Las doscientas páginas del libro posteriores a esa frase son un pormenorizado y vertiginoso relato de cómo un puñado de íntegros hombres colombianos, apoyados y presionados por agentes de Estados Unidos, elaboraron un plan para atrapar a Escobar que requirió una enorme inversión de tiempo y dinero, recursos militares y tecnológicos y muchos engaños. Y que, como denunciaba con grandilocuencia Escobar, y reconoce Bowden, puso en entredicho la soberanía nacional de Colombia. Fue una auténtica cacería de la que Escobar huía siempre, aunque era una fuga cada vez menos glamurosa. En los últimos años, dice Bowden, “pasaba el tiempo agazapado, contrataba prostitutas, sobre todo adolescentes, para que lo ayudaran a pasar las horas. No eran ya las fastuosas orgías del pasado, pero su dinero y notoriedad le permitían todavía ciertas indulgencias”. Al final, como se sabe, le cazaron. Pero, treinta años después, Colombia sigue sufriendo las consecuencias de aquellos acontecimientos.

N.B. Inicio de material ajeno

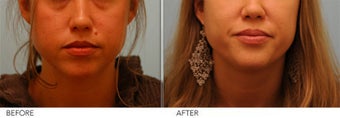 Mole Removal before 291718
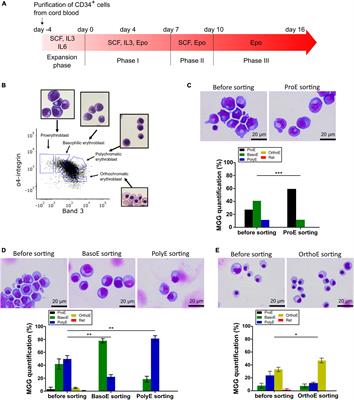 Transmission Electron Microscopy to Follow Ultrastructural Modifications of Erythroblasts Upon ex vivo Human Erythropoiesis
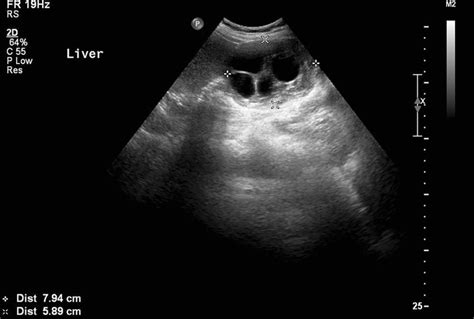 CE 2 Cyst. A 43-year-old female presenting with weight loss. Ultrasound... | Download Scientific ...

Matar a Pablo es un relato rápido y ágil y uno de los mejores retratos de una figura que la cultura popular encumbró: la del narcotraficante millonario y cruel. Aquí, sin embargo, quien aparece es un hombre arrogante, despiadado, pretencioso y despreciable. Pero cuya historia, tan bien contada, resulta adictiva.

Durante los años ochenta, los traficantes de droga adquirieron un extraño prestigio. El consumo de cocaína se había convertido en una muestra de estatus. Y los narcos aparecían en la cultura popular —desde Scarface hasta Corrupción en Miami— como forajidos sin escrúpulos pero con algunos rasgos heroicos. En la realidad, ninguno alcanzó el carácter legendario, y la influencia social, del colombiano Pablo Escobar.